A Massive open online course (MOOC) is a course where the participants are distributed and course materials also are dispersed across the web. This is possible only if the course is open, and works significantly better if the course is large. The course is not a gathering, but rather a way of connecting distributed instructors and learners across a common topic or field of discourse. MOOCs are a more recent form of online course development, departing from formats that rely on posted resources, Learning Management Systems, and structures that mix the LMS with more open web resources.
MOOCs are founded on the theory of connectivism and an open pedagogy based on networked learning. Typically, participation in a MOOC is free; however, some MOOCs may charge a fee in the form of tuition if the participant seeks some form of accreditation. Although the courses generally do not have specific requirements all MOOCs provide rough timelines in the form of weekly topics to focus discussion. The rest of the structure can be minimal – often consisting of a weekly presentation on the current topic, discussion questions, and suggested resources. In recognition that those attending a MOOC are expected to make the course their own, guidance tends to focus on allowing curriculum and structure to emerge from the exchange between participants. Posting in discussions, reflecting on topical ideas, and sharing resources using a variety of social media are at the core of the MOOC learning process.

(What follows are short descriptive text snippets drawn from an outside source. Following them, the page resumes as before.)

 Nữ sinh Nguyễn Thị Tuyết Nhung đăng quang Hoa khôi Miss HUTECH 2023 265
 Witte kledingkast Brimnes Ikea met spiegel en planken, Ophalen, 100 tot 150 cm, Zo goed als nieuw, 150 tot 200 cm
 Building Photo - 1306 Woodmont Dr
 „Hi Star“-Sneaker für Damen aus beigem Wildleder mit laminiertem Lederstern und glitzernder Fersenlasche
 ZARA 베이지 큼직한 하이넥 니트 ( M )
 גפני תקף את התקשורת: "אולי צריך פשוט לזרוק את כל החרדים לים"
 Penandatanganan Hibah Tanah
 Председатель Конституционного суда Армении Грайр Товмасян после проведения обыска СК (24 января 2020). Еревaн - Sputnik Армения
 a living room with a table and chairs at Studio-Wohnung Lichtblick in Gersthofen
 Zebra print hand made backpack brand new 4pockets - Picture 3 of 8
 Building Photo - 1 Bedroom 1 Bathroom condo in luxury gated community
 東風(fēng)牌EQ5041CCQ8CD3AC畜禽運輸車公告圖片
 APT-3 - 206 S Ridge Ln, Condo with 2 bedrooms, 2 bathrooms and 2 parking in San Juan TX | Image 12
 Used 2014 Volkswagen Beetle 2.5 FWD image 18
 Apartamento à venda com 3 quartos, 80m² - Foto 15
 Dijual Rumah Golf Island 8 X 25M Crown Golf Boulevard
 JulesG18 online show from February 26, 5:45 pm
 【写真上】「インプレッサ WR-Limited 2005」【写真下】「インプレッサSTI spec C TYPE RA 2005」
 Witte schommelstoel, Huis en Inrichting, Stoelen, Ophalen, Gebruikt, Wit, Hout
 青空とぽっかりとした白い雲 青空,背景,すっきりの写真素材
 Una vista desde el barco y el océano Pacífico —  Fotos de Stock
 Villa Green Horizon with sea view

While the history behind the physical establishment of Massive Open Online Courses is relatively shallow, the idea for such an educational outlet has a rather extensive background, one that in fact predates the Digital Age. Ideas for such an educational tool as the MOOC can be accurately traced as far back as the early 1960s. In 1962 American inventor and intellectual innovator Douglas Engelbart proposed a research agenda titled Augmenting Human Intellect: A Conceptual Framework to the Stanford Research Institute in which he emphasizes the possibilities of utilizing the computer as a collaborative tool for intellectual accession. In this proposal, Engelbart advocates for the widespread personalization of computers and explains how the Personal Computer in coordination with an “interconnected network of computers” could potentially result in a massive, worldwide effect of information sharing. Since then many computer enthusiasts and educational revolutionaries such as Ivan Illich have produced numerous academic journals, manifestos and research proposals that advocate for openness in the educational process and for the use of computing technology into the learning process as a means of reforming a “broken educational system.” In one of Ivan Illich’s critical discourses entitled Deschooling Society(ca. 1971), Illich argues that our contemporary educational layout is intellectually stifling due to such forces as non-flexible curriculum and lecture style “learning”. In his critique, Illich mentions the idea of incorporating advanced technology into our school system so as to create what he labels, “decentralized learning webs.” Illich affirms that the establishment of such “learning webs” would in turn connect and involve more students in the learning process, thus creating a more efficient and engaging style of learning. Illich feels that overall “A good educational system should have three purposes: it should provide all who want to learn with access to available resources at any time in their lives; empower all who want to share what they know to find those who want to learn it from them; and, finally, furnish all who want to present an issue to the public with the opportunity to make their challenge known.”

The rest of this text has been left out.